Anyhoo, someone from work found a leaflet blowing in the street advertising Rimmers Gay Sauna & Steam so there was some substance to the jokes. Whilst rimming isn't an exclusively gay pastime, it is probably assumed to be from the Little Britain Daffyd Thomas sketches.

It turns out that the Sun Inn next door is a gay fun pub with accommodation and that survived the fire. (It seems that Rimmers had already closed previously). I never knew it was a gay pub before seeing it in the local paper and why would I? It is rather drab looking and there are no obvious clues.

It seems everyone else knew but me though, received wisdom strikes again...


Ian Appleby said...

I know the Sun of old, through both reputation and custom; I can't say it was a fixture on our circuit, but it was certainly not unusual for us to call in. I don't know to what extent we were welcome visitors - even in the Bradford post-punk scene, there was a fair amount of unreconstructed masculinity on display - but for us the attraction was the lack of edge we sometimes felt in the more "towny" pubs, and we were never made to feel unwelcome. I'm sure the same sense of a safe haven was true for the gay clientele, although I would hesitate to suggest that we faced the same levels of hostility from Bradford's drinkers as gay men did/do.

Delicolor said...

Ian, you are probably aware that it is just down the road from an Islamic centre of some kind. The religion of peace does not approve of gays or drinking (and presumably doubly disapproves of gays drinking).

I imagine they turn a blind eye to each other.

Realpolitik said...

Reminds me of the time I was sat in the Reclaim bar in Leeds thinking "this bar is tastefully decorated".

Then a few minutes later "this bar is very tastefully decorated".

Then a few minutes later "this bar is so tastefully decorated it must have been done by a homosexual".

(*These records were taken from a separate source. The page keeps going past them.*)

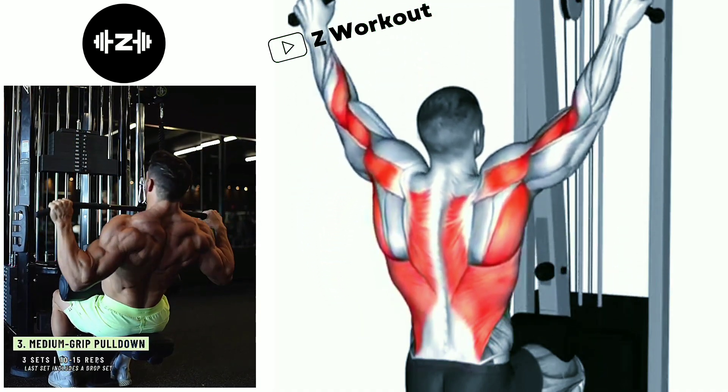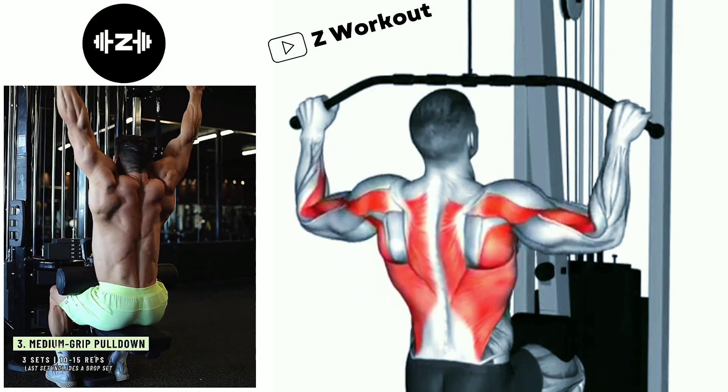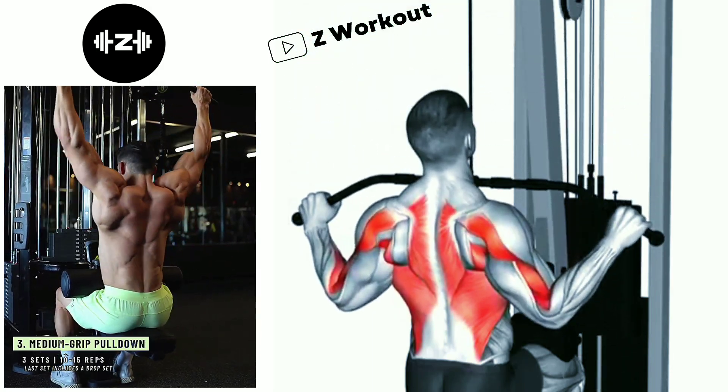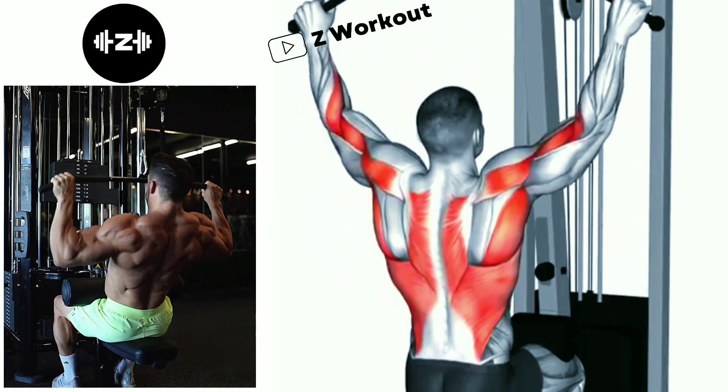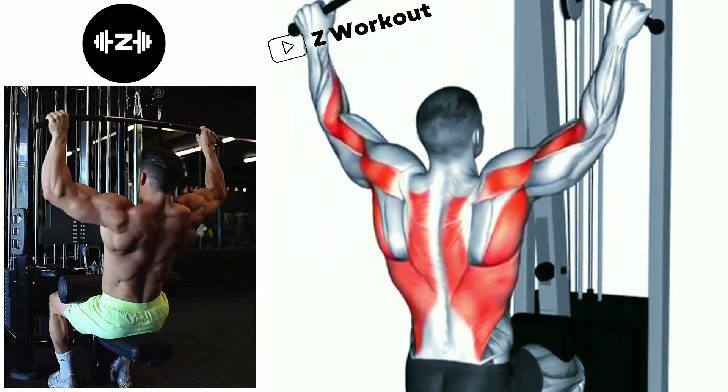The Cable Machine Lat Pulldown is a popular strength exercise that targets the muscles in your back, especially the Latissimus Dorsi. This exercise is effective for developing both strength and muscle mass in your back.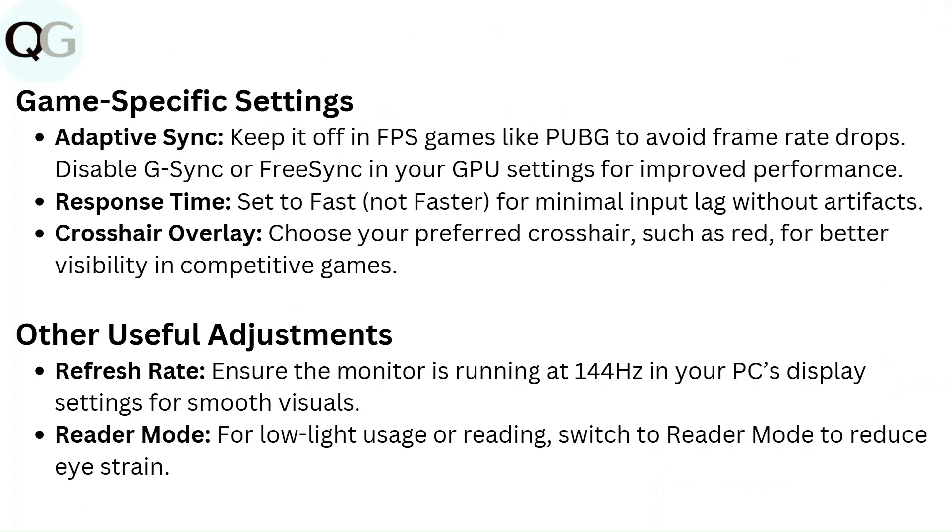Game specific settings. Adaptive sync: keep it off in FPS games like PUBG to avoid frame rate drops. Disable G-Sync or FreeSync in your GPU settings for improved performance. Response time: set to fast — not faster — for minimal input lag without artifacts. Crosshair overlay: choose your preferred crosshair, such as red, for better visibility in competitive games.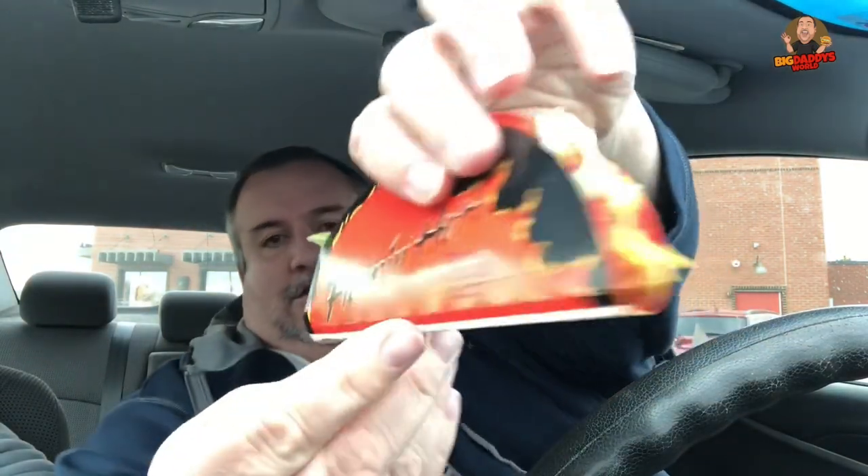Mystery guest is shaking her head going, 'you're an idiot.' Yes, I am. Alright, so this is the Flamin' Hot Dorito Loco Taco. That's my California Taco, boys.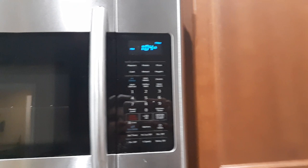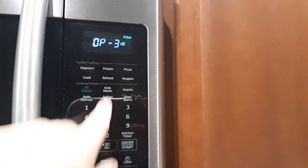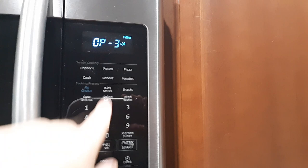To turn the beeping back on, click Option until you get to Option 3, then hit 1 this time and then Start. You can see it turned off the little no-sound icon. Thanks for watching and make sure you subscribe.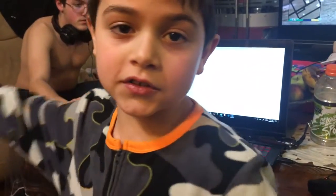Guys, this is the end of the video. I hope you guys all enjoyed the video. And I'll see you on the next one.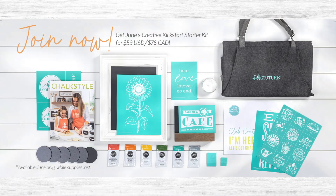It all started with a starter kit. Now back when I joined, that starter kit was around $600. But not today — in June, you can get started with Chalk Couture for just $59 with our Creative Kickstart Kit.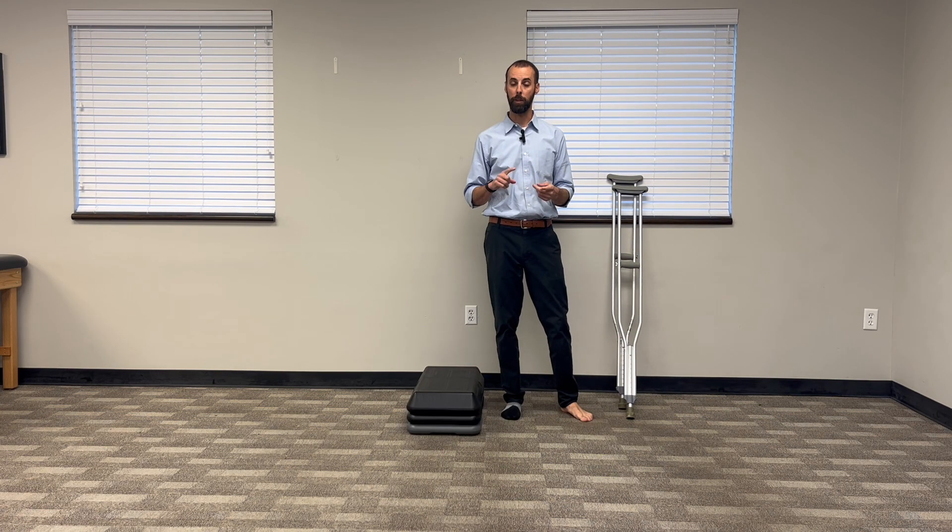My name is Rob Dranning. I'm a physical therapist. I'm going to show you right now how to use crutches on steps and do it safely and comfortably, so you can get everywhere you need to go in your house and not be afraid to go up and down a curb when you're out in the community.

Then "that barman is very camp isn't he...?"

Delicolor said...

There is a boarding house in Scarborough run by a gay couple, one of whom is an excellent photographer. They welcome people of any inclination, but not kids so we won't be staying there in the foreseeable future (unless we get a parent-pass- out to see a good show at the Stephen Joseph).

Ian Appleby said...

Aye, but it's not exclusively and entirely a Muslim preoccupation, though, is it? The Harp of Erin is also just round the corner. Ask Mr Paisley, or indeed some in the Catholic or Anglican confession, what they feel about homosexuality.

My late grandmother, whose birthday, incidentally, was April 23rd, used to get tipsy on sherry at Christmas, and then warn me of the dangers of drink; she was a Methodist. She was most upset when I moved out from my parents and in with my girlfriend at the time; it's as well it wasn't a boyfriend, I think.

Incidentally, have you seen what the Oakleigh is, these days?

Delicolor said...

Ian A, I should think that most religious types regard Sunbridge Road as a den of iniquity, various trades catering to perversion, pay as you go and Usury.

Whilst i work in BD1, I don't really know it so I don't know what the Oakleigh is.

Ian Appleby said...

The Oakleigh was a trad real ale boozer just off Manningham Lane, my local when I was still at school ;) I remember celebrating a mate's 18th in there, and the landlord - Roy, was it? - coming over with a pint for him. "Here you go, son," he said, "Happy birthday. How old are you, 16?"

It's now an Islamic cultural centre.

Delicolor said...

Pubs are closing all over Yorkshire. Economic pressure, as well as Islamic.

Also, Bingo halls are closing as well, it started in Scotland with the smoking ban and they can see the writing on the wall.